Because of its prominence, the Virginia case, which was argued in mid-November before Circuit Court Judge Randy Bellows, will provide an important test of the relevant legal principles. Echoing Schori’s language in her letter to Bishop Schofield, the diocese argued (as reported in a story by Episcopal Life Online reporters Matthew Davies and Mary Frances Schjonberg) that it “must protect and preserve our heritage for future generations.”

As early as late 2006 Alan Cooperman and Michelle Boorstein of the Washington Post began filing reports covering the legal aspects of the case, linking it to splits in the Presbyterian Church in Virginia at the time of the Civil War, when “neutral principles” tended to guide court decisions.

Last May 21, Julia Duin of the Washington Times referred to the upcoming litigation in Virginia as the “mother of all lawsuits.” Duin failed, however, to acknowledge “deference to hierarchical authority” in identifying the legal principles that might be used in the Virginia case. Rather, she claimed that the case would be decided by a Virginia legal rule that says that in a diocese or denomination experiencing a “division,” a majority vote by the congregation will determine who gets the property (the neutral principle approach).

In the November 13 Richmond-Times Dispatch, Tina Eshleman offered a better informed story on the trial, calling attention to the issue of whether the departing churches belong to a church within the Anglican Communion, around which much of the trial would revolve.

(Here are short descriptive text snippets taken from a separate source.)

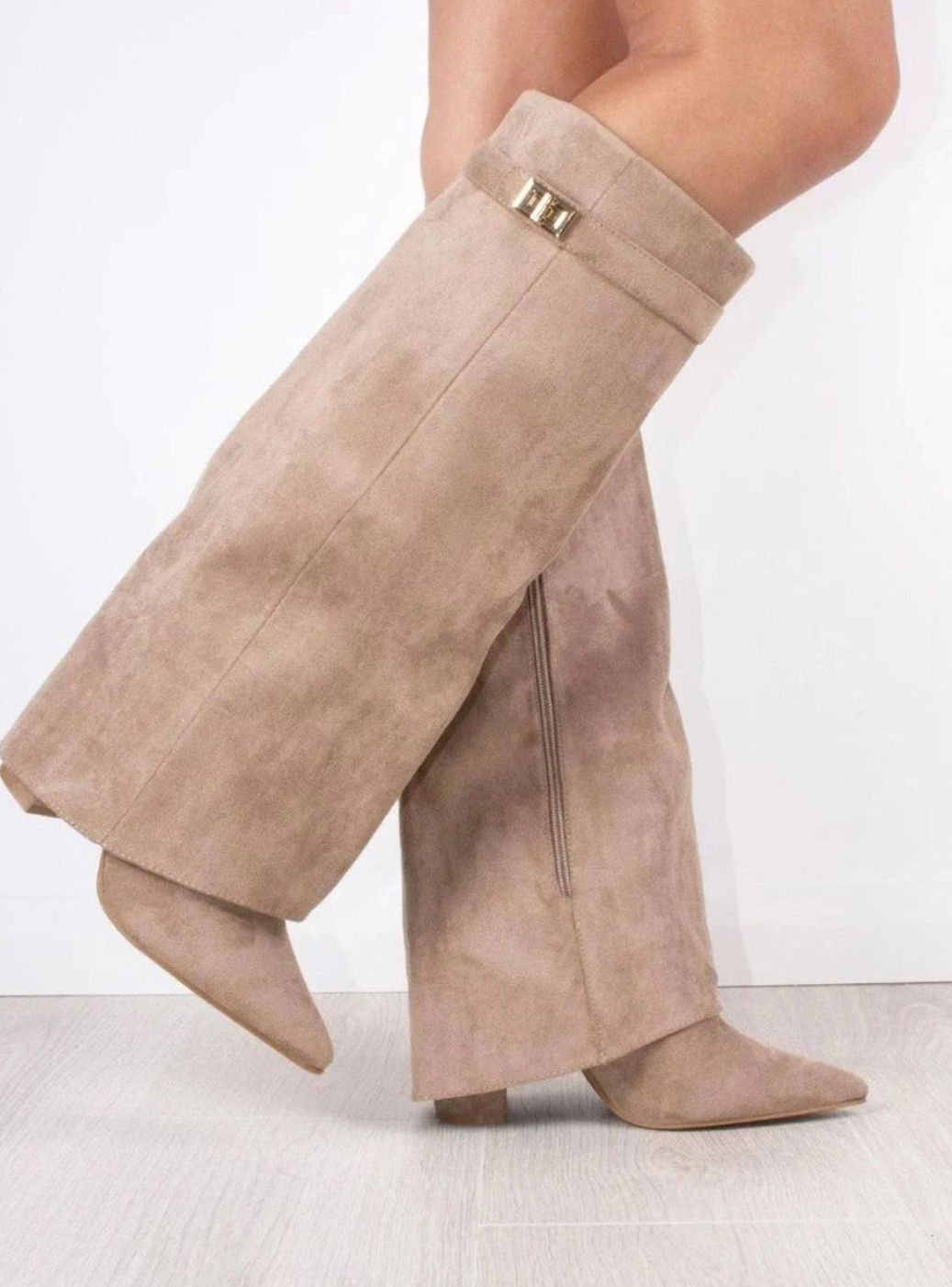 Amalthea | Women's Suede Pointed-Toe Block-Heel Knee-High Boots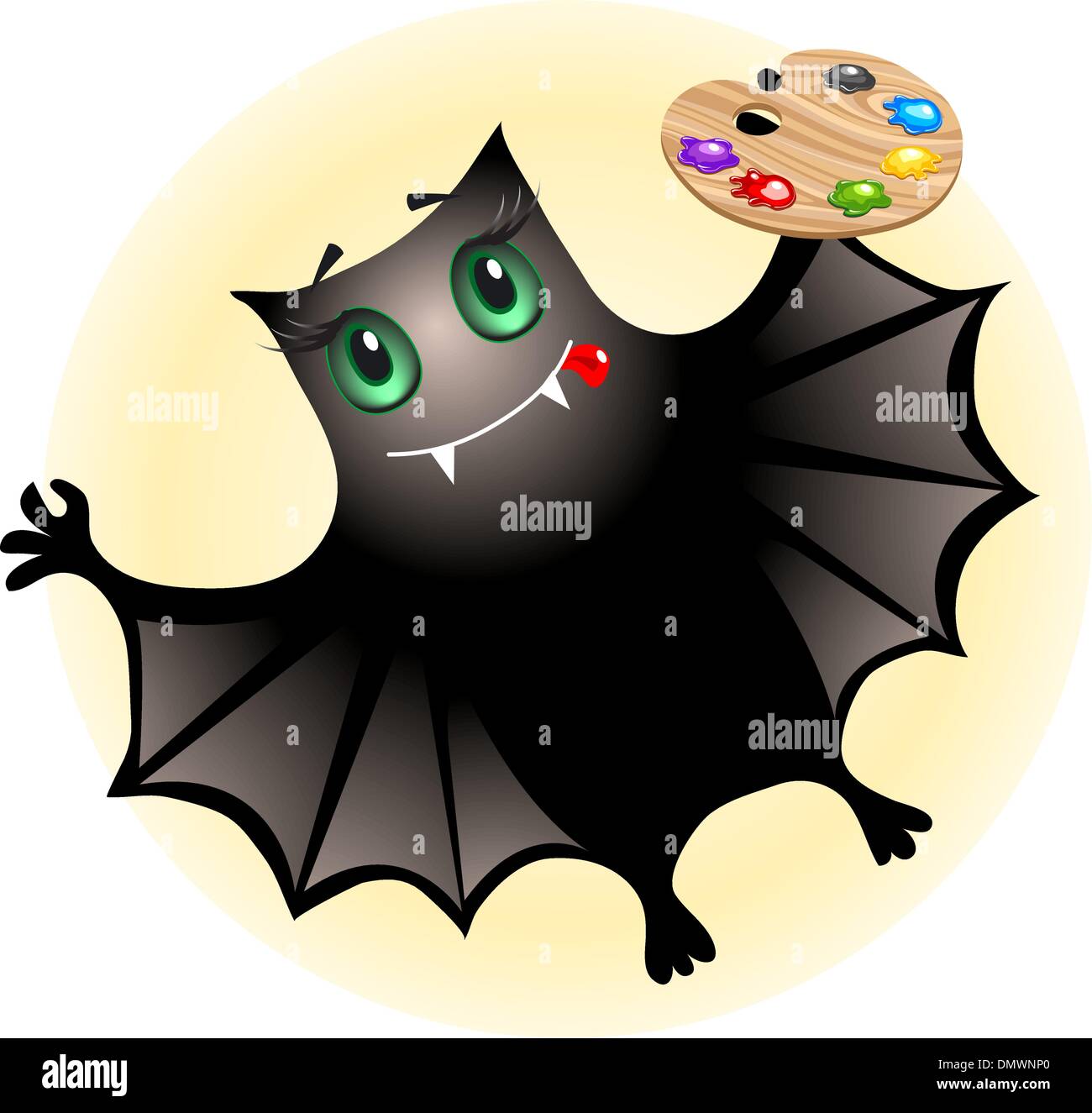 Cute bat artist Stock Vector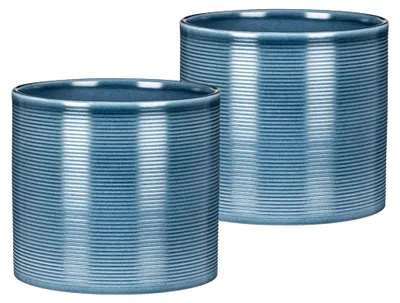 Produktbild von Blumentopf 2er Set aus Keramik, Farbe: Blue Jeans, 16 cm Durchmesser, 15 cm hoch, 2,6 l Vol.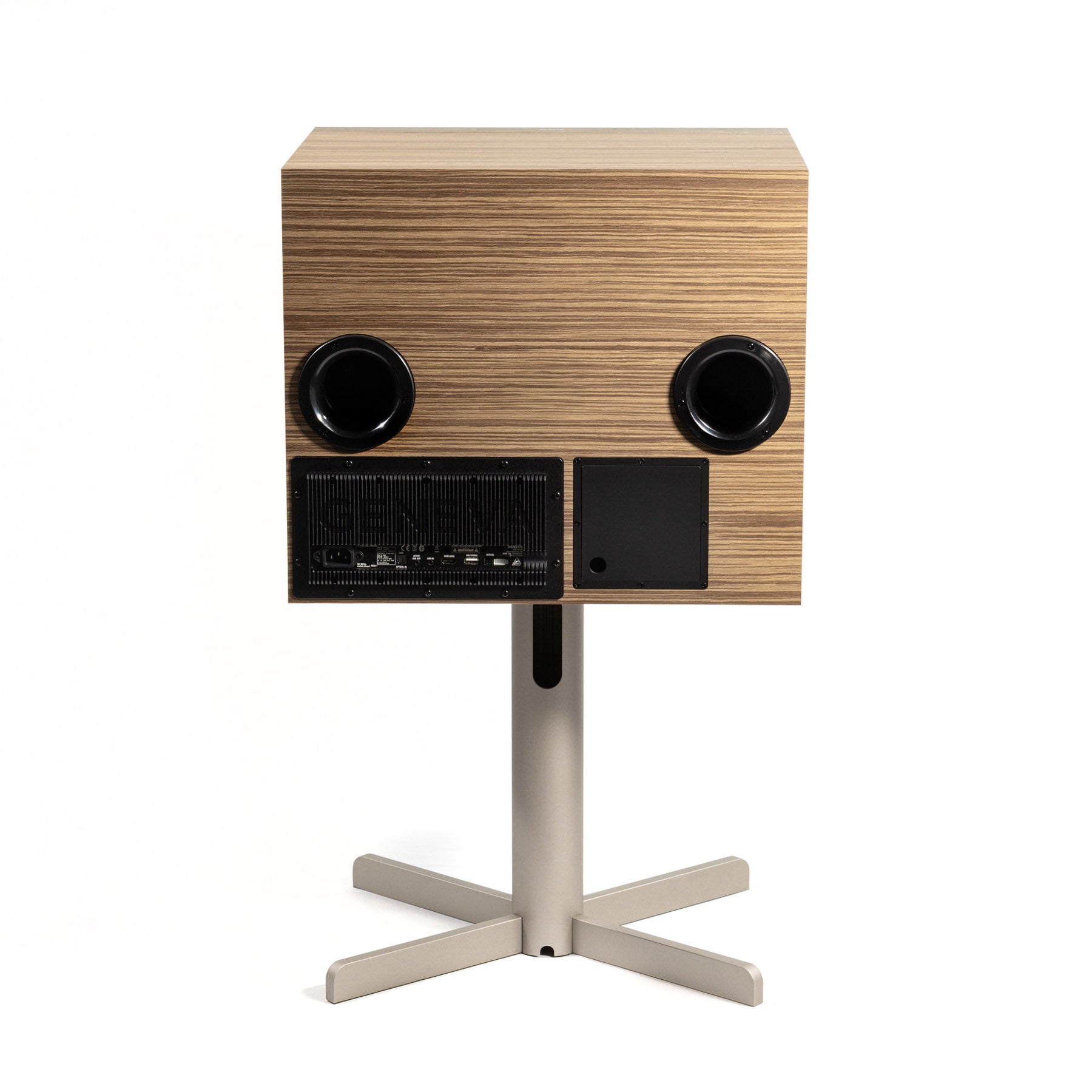 Rear view of oak Geneva DeCon/XL Speaker on white background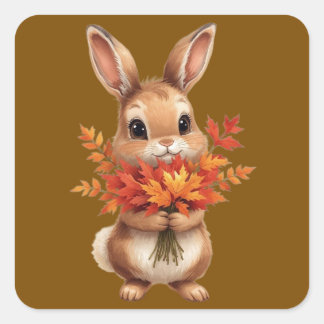  mignon lapin d'automne avec Sticker de fleurs d'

At trial, the diocese argued that because the Episcopal Church is hierarchical, the departing members had not “divided” themselves from other members of the same church, but had in fact left the church in order to join another religious body. Eshleman’s November 13 story reported with a nice attention to legal detail that Judge Bellows framed the issue precisely, ruling that the trial would focus on “whether there has been a division within the Episcopal Church and the Diocese of Virginia, whether the Anglican Communion meets the law’s definition of a church or a religious society, whether there is a division in the Anglican Communion and whether the departing churches were attached to the Anglican Communion.”

The Episcopal Church’s argument was that historically and constitutionally the Anglican Communion is not a church but a federation of autonomous national churches (called provinces) linked together by a common descent from and affiliation with the See of Canterbury—and thus had no authority to dictate belief or practice for its autonomous members.

The present “division” was not, therefore, within the Episcopal Church but between it and those who departed from it. The other side, relying primarily on the testimony of historian Philip Jenkins, argued that the Anglican Communion is a world-wide body and that the position of the departing parishes is much closer to the majority position within the Communion than it is to the Episcopal Church. Judge Bellows, having heard the testimony, gave the parties until January 17 to present additional briefs.

Except for neglecting opportunities to develop the legal history of church property disputes, the press has until now done a creditable job of covering the “It’s the Property” stage of the ongoing Episcopal Church story. But because most of the stories themselves are confined to particular states and dioceses, they have not received as much attention as was lavished on Bishop Robinson’s election and its aftermath. The exception is the Virginia case, whose goodly share of media play may have something to do with the fact that the breakaway parishes boast among their membership leading figures in conservative circles in the nation’s capital.

How will the outstanding cases turn out? If history is any guide—and in legal cases it is sometimes a poor one—then the principle of deference to hierarchical authority will generally prevail over local deeds of trust, and most parish property will remain in the hands of the dioceses. Those interested in transferring their allegiance from the Episcopal Church to a diocese of some overseas Anglican province—or in constituting themselves as a new Anglican province of America—will simply have to buy themselves some new properties and build themselves some new places to worship.